Even within the NFL, guaranteed money can be substantial. Nowhere is that more true than among quarterbacks, where 15 veterans have signed contracts of $50 million or more since 2009. The largest annual deal was the five-year $110 million extension signed by Green Bay Packers star Aaron Rodgers, which included $54 million in guarantees.

What is worth noting is how the performance of these big-money quarterbacks varies depending on how much of their contract is guaranteed.

Of the 15 quarterbacks, six have 40% or more of the contract guaranteed; the average passing rating for these "high guarantee" players was 5.8 points lower in the first year of their deal compared with the prior season.

Of the six quarterbacks with contracts guaranteeing 20%-39%, performance stayed about the same.

The best performing group was the quarterbacks whose contracts guaranteed less than 20%. On average, their quarterback ratings improved by 2.9 points in the season following the deal. Reigning league MVP Peyton Manning is among them.

Perhaps the most notorious NFL contract in recent history was signed by then-rookie Sam Bradford in 2010, when the Oklahoma Sooner star received $50 million in guarantees (64% of the total contract) from the St. Louis Rams. The deal caused such alarm that veteran players and management agreed on a new rookie pay scale for the following season. Bradford has had a middling NFL career.

Italian Peyton Manning

Rigid labor laws have left the eurozone without enough Peyton Mannings and too many Sam Bradfords. The result is dwindling productivity.

In Italy, the average worker is just 65% as productive as an American peer. That's one reason the business community is loath to hire full-time employees, opting for short-term contract workers instead.

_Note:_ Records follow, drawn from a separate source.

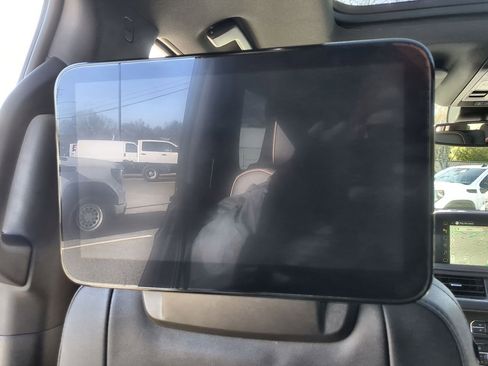 Used 2023 GMC Yukon AT4 w/ AT4 Premium Package image 36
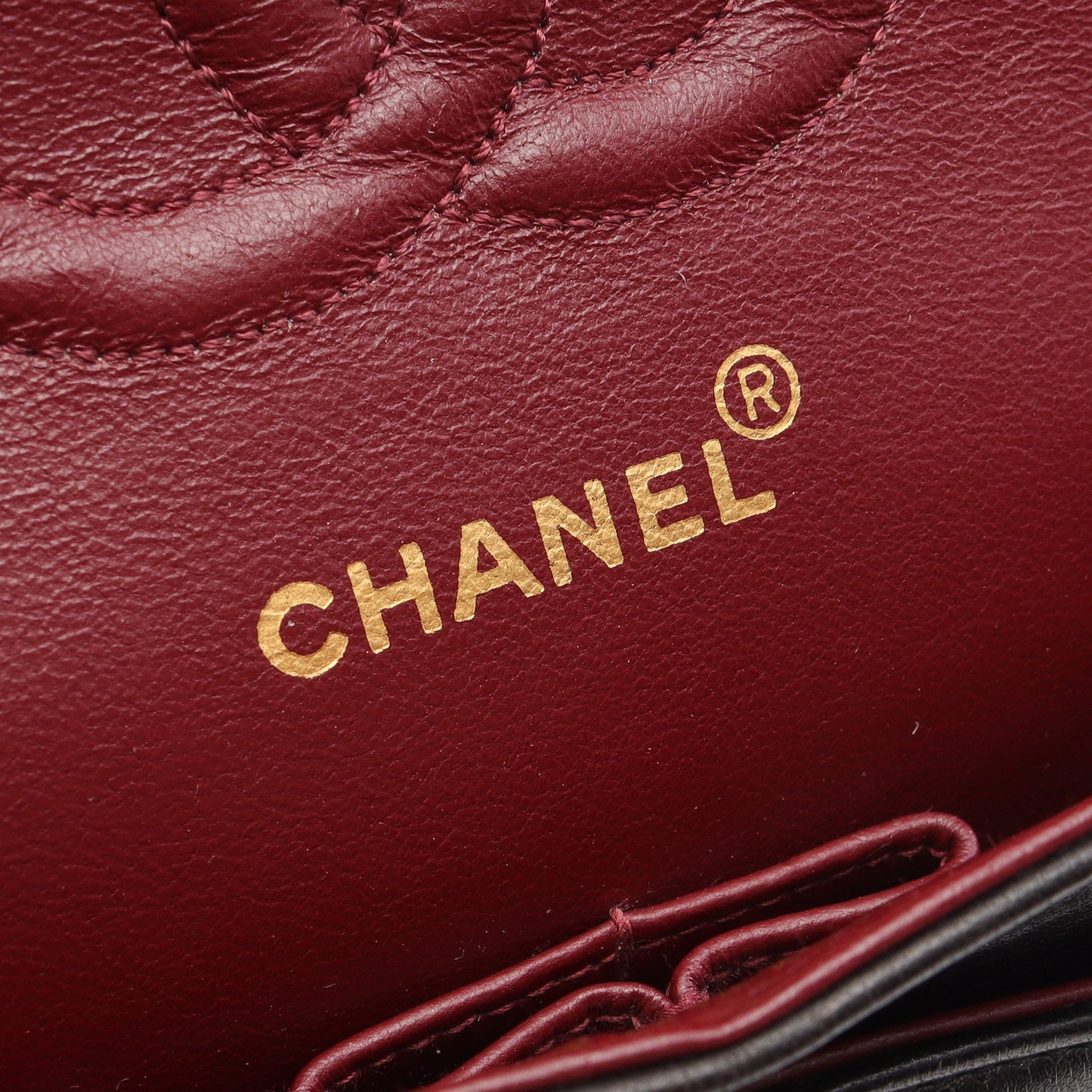 マトラッセ Wフラップ Wチェーンショルダーバッグ ラムスキン ブラック ゴールド金具 シャネル バッグ CHANEL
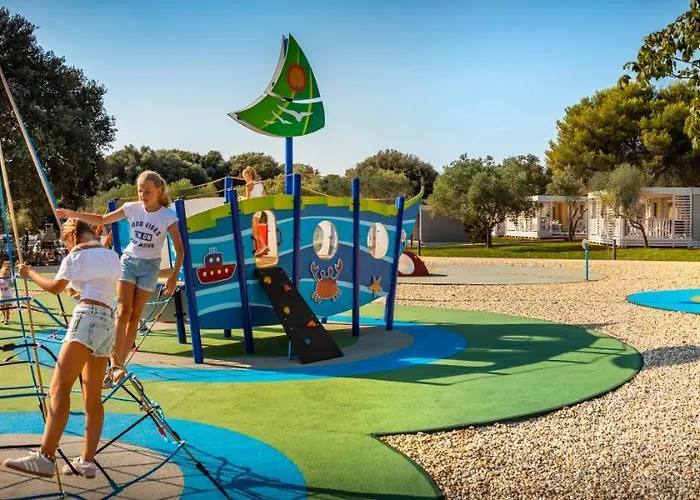 Maistra Amarin Mobile Homes 4*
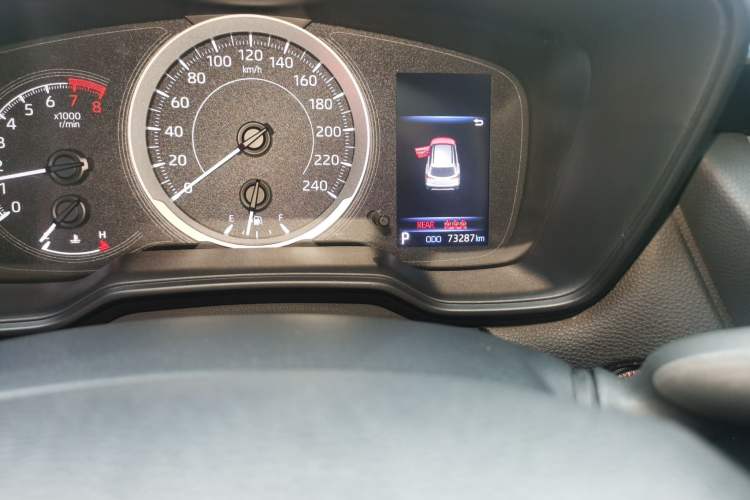 Used Toyota FRONTLANDER 2022 2.0L CVT Luxury Edition Odometer Close Up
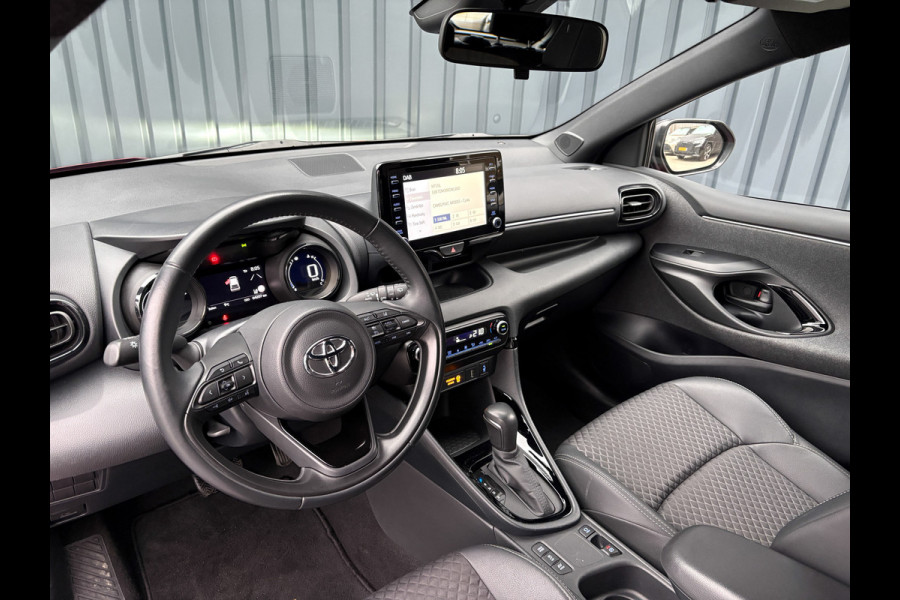 Toyota Yaris 1.5 Hybrid Executive | Bi-Tone | 17'' | Stoelverw. | Apple Carplay/ Android Auto | Prijs Rijklaar!!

One critical advantage young job seekers typically have is their willingness to accept lower wages in exchange for training and a foot in the door. But within Italy and several of its eurozone peers, work contracts are negotiated nationally, with union leaders and employers setting standard wages for entire professions. When combined with the permanent contracts cited above, this forces unseasoned workers into an unfortunate Catch-22: They need more experience to justify the higher standard wage, but they're unable to gain that experience because the higher wage makes them unattractive hires.

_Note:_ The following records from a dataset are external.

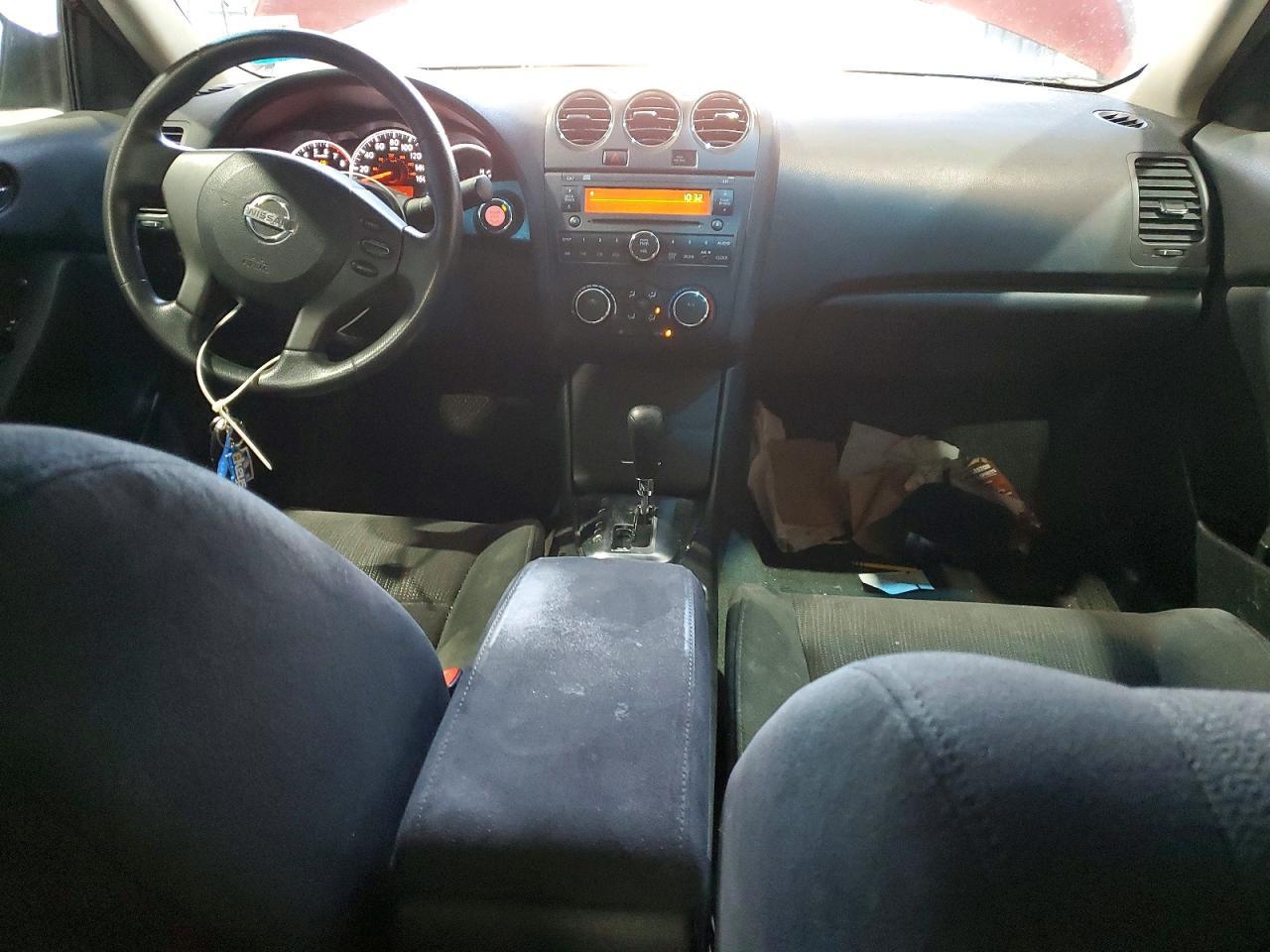 2010 NISSAN ALTIMA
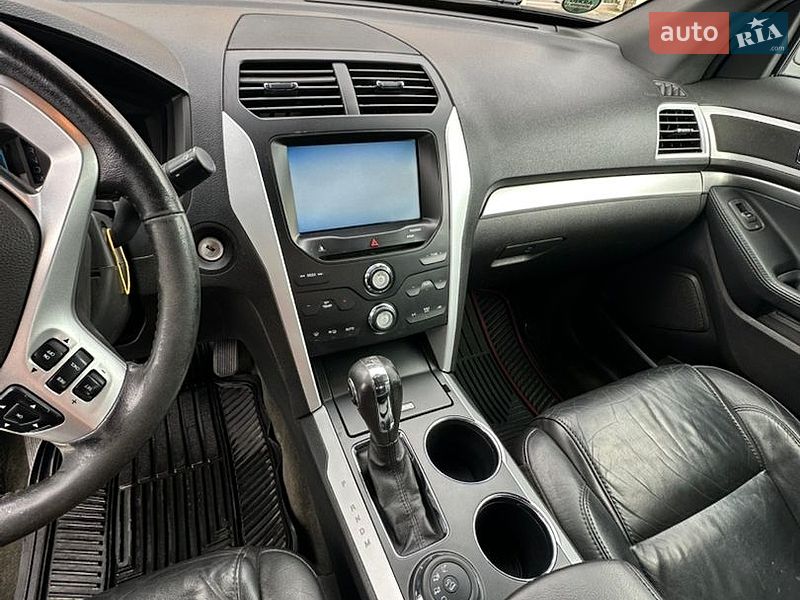 Позашляховик / Кросовер Ford Explorer 2013 в Тернополі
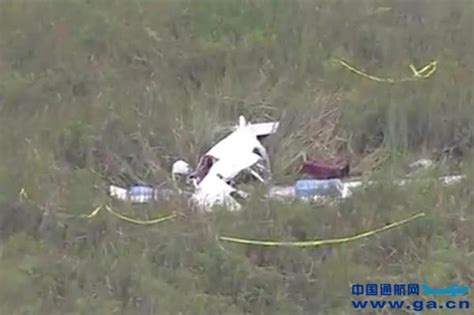 美国一小型飞机坠毁居民区 飞行员受伤-新闻中心-温州网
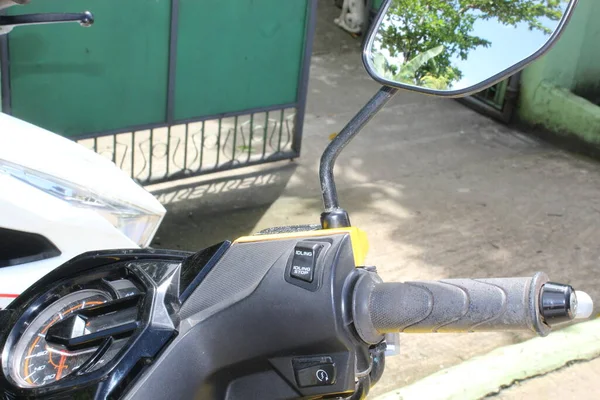 Temiz Odak Kenar Aynası ile Sağ El Motor Motoru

In this vein, the story of another quarterback is instructive. He was the 199th player chosen in the 2000 NFL draft and was fourth-string his rookie season. He was elevated to the backup roll in 2001 in large part because he was cheaper than alternatives. When the starting quarterback was injured in the season's second game, the backup took the reins and never looked back.

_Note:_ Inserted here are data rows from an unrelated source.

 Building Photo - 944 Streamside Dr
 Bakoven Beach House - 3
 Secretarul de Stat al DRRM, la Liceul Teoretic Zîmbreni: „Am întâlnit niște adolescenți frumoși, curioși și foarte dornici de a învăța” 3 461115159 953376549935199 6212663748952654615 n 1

He would lead the team to its first Super Bowl title less than five months later. This quarterback was Tom Brady, and had he been forced to demand the $1 million league average instead of his meager $315,000, he never would have had the chance.

Italy and Europe have millions of young Tom Bradys, workers with vast potential but little experience. The question is whether leaders such as Italy's Matteo Renzi can get them into the game.

Matthew Schoenfeld works for Driehaus Capital Management,where he focuses on risk arbitrage.